Inhibition of HDAC activity can modulate hippocampus-dependent long-term memory in a CREB binding protein dependent manner [25]. The enhancement of hippocampus-dependent memory and hippocampal synaptic plasticity by HDAC inhibitors is mediated by the transcription factor pCREB. HDACs play a role in the regulation of CREB target gene transcription, indicating that CREB-dependent genes such as cFos and Zif268 may also be affected by NaB [26]. In this study, pCREB exhibited a remarkable reduction in MCAO rats and was improved by NaB. However, the present results showed that apigenin did not affect pCREB expression after MCAO. This finding might be related to the small size of the sample, and further studies are required to address this point.

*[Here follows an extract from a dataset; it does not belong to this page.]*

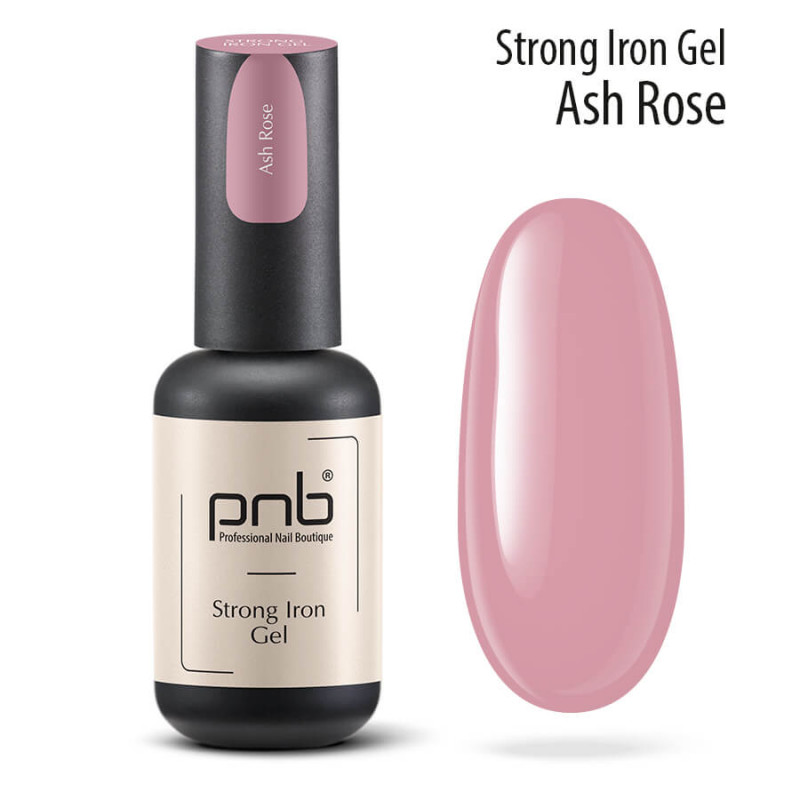 PNB UV/LED Strong Iron Gel, Ash Rose, 8ml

It is well known that neurons require neurotrophic support for their development and survival. BDNF is one of the many effectors of CREB phosphorylation regulation and participates in learning and memory processes. Apigenin was shown to increase BDNF expression in Parkinson’s model of rats, accompanied by cognitive improvement [27]. In our study, we observed that treatment with apigenin and NaB increased BDNF levels in the ischemic rat brain. Interestingly, at the higher apigenin dose of 40 mg/kg, the BDNF protein level was markedly increased compared with the model group, while apigenin at 20 mg/kg had no such effect. These findings suggest that apigenin at the higher dose has neurotrophic potential and may be useful for cognition recovery after ischemic brain injury. However, the mRNA expression of BDNF was up-regulated by both doses of apigenin. Therefore, we speculate that the translation, post-translation processing, and modification of BDNF protein require the higher dose of apigenin.

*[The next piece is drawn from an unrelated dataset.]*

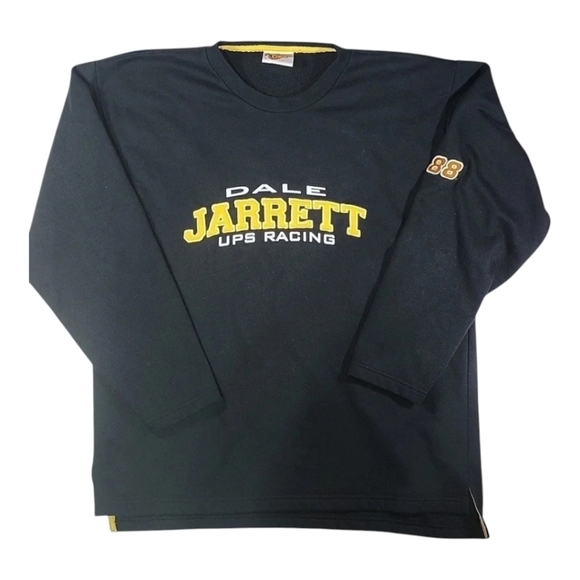 VTG Dale Jarrett NASCAR UPS Racing Crewneck Sweater Size XL | Vintage NASCAR - Picture 1 of 11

Gene transcription is required for long-lasting forms of synaptic plasticity and memory storage. A previous report showed that spatial learning increased Syn-I mRNA and protein expressions [28], indicating that Syn-I is associated with learning and memory. Ischemia can cause damage to the expression of Syn-I [29]. A previous study found that hippocampal administration of NaB enhanced the levels of gene expression of synaptic plasticity markers [11]. Our results showed that NaB up-regulated Syn-I expression. Furthermore, the present study showed that apigenin at the higher dose increased Syn-I expression, which may be related to cognition.

Conclusions

In the present study, apigenin at 40 mg/kg was shown to promote histone acetylation, increase BDNF and Syn-I expressions, and obviously improve the cognitive deficits, being the same as the functions of NaB in ischemia and reperfusion brain-injured rats. Overall, regarding biochemical markers, the lower dose of apigenin did not show reversal of the neurochemical alterations. However, apigenin at the two doses showed the same effects on behavioral activity, which could be related to the additive effect on the neuroprotective (antioxidant, antineuroinflammatory) potential.

Our results can partly explain the effects of apigenin as a protective molecule in alleviating cognitive deficits and its underlying mechanisms in MCAO rats. However, further exploration of these potential mechanisms is required.